For starters, the hospital bill can be difficult to understand. Even Time magazine exposed the inaccuracies of hospital charges and the difficulties with transparency around reimbursement in its March 2013 cover story “Bitter pill: Why hospital bills are killing us.”
Yet the reality is that many hospitals are losing money and few have excessive margins. Hospital CEOs, despite running large, complex organizations, are under intense scrutiny about their salaries. Medical errors and safety issues in hospitals receive broad publicity. Debates focused on reducing healthcare costs often identify solutions for squeezing inefficiencies out of the hospital. Policymakers and insurance executives are rapidly introducing new reimbursement plans that reduce hospital-based utilization. Fraud and abuse programs target hospitals to recover funds and, in doing so, require them to implement time-consuming and expensive audit programs. New regulations are burgeoning, amounting to unfunded mandates on hospitals as they attempt to comply with the paperwork and reporting requirements.
While it might just be our industry's turn to be tagged as the bad guy, I believe this country's hospitals are the heroes in the story.
What other industries do not turn away customers who cannot pay their bills? American hospitals have cared for the uninsured and underinsured for decades and will continue to do so even with the advent of the Patient Protection and Affordable Care Act. The ACA, through the establishment of exchange products with higher cost-sharing and the rise of high-deductible health plans, will shift the burden of patient debt largely onto hospitals. This too, if we are not careful, will lead patients to view the hospital no different than they do their credit card companies. Whether it's losing the public's trust and respect, or gutting the financial core of these institutions, we have too much at risk to waste blaming the wrong guy.
So what if we changed the plot?
Let's not erect barriers to patients utilizing hospitals when they are sick. When designed correctly as “one-stop” diagnostic and evaluation centers, hospitals can be one of the most efficient settings for healthcare delivery.
When reimbursement rules are set and payment is denied by insurance companies and government agencies, hospitals should not be forcibly required to absorb all of the cost.

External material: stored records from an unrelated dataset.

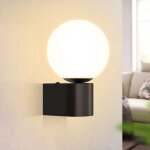 Applique murale gbly salon moderne applique int�rieure : noir blanc �clairage mural de salle de bain ...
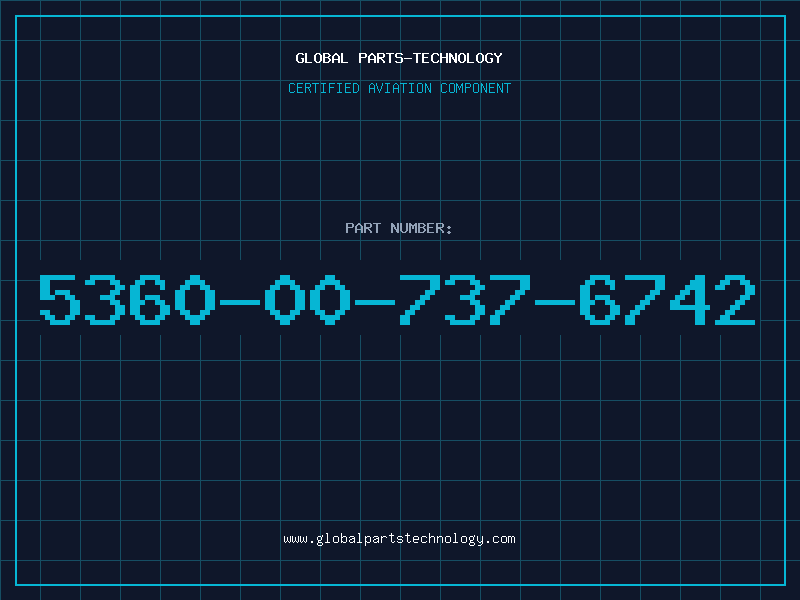 Aviation Part 5360-00-737-6742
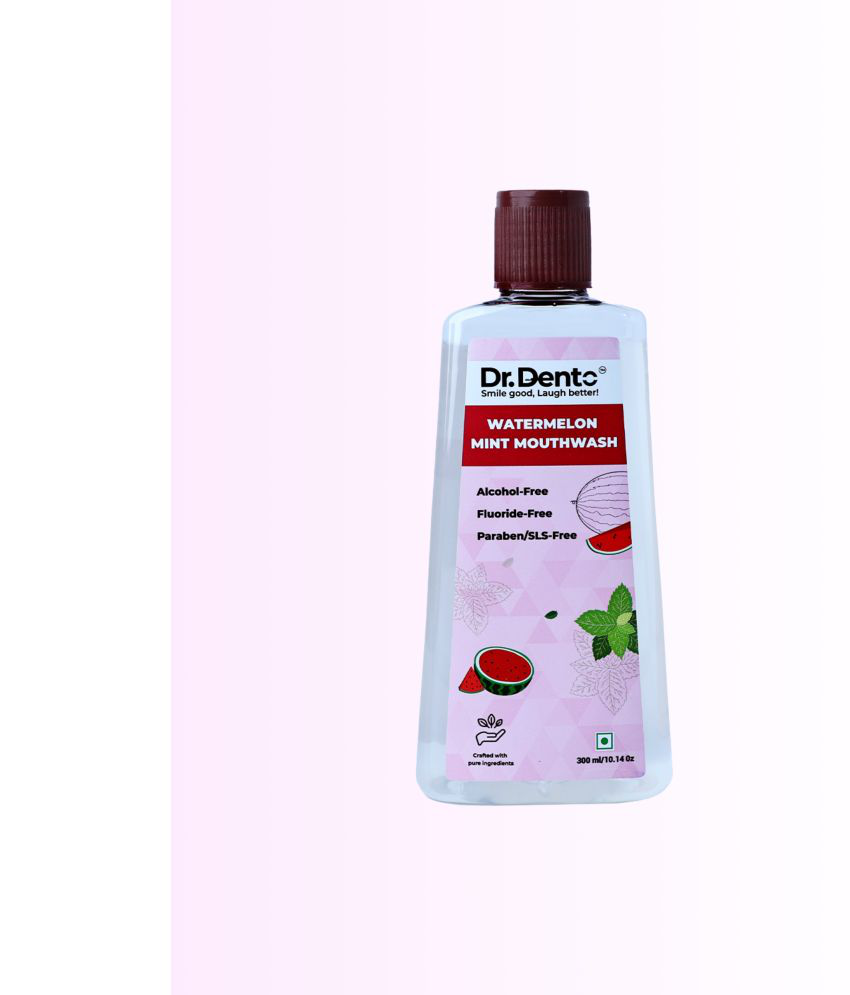     			Dr.Dento Mouthwash Liquid Watermelon Mint 300 mL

They should not be the sole organizations bearing the burden of readmissions.
Most important is to reduce administrative costs in healthcare. The cost required to comply with the requirements of third-party payers and regulatory bodies is skyrocketing, forcing a shift of resources away from clinical needs. Hospitals need the equivalent of the federal government's Paperwork Reduction Act. Relief of administrative and regulatory burdens will translate into the lower healthcare costs.
We are headed in a dangerous direction if we do not challenge the current policies. Hospitals stripped of their resources will not be able to invest in new technology and have the capacity to respond to community needs. The reality is that hospitals are part of the solution.
Hospitals will never be immune from criticism. Efforts must continue to improve safety, efficiency, and to establish greater transparency and accountability. But allowing public policy and marketplace incentives to gut hospitals is a mistake. Let's remember that the majority of hospitals in this country are not-for-profit and reinvest their margins back into their communities.
Hospitals are a little like politicians. Apparently, nobody seems to like them as a whole, although people often make an exception for the ones that serve their own community. In this story, the villain is not all that bad after all.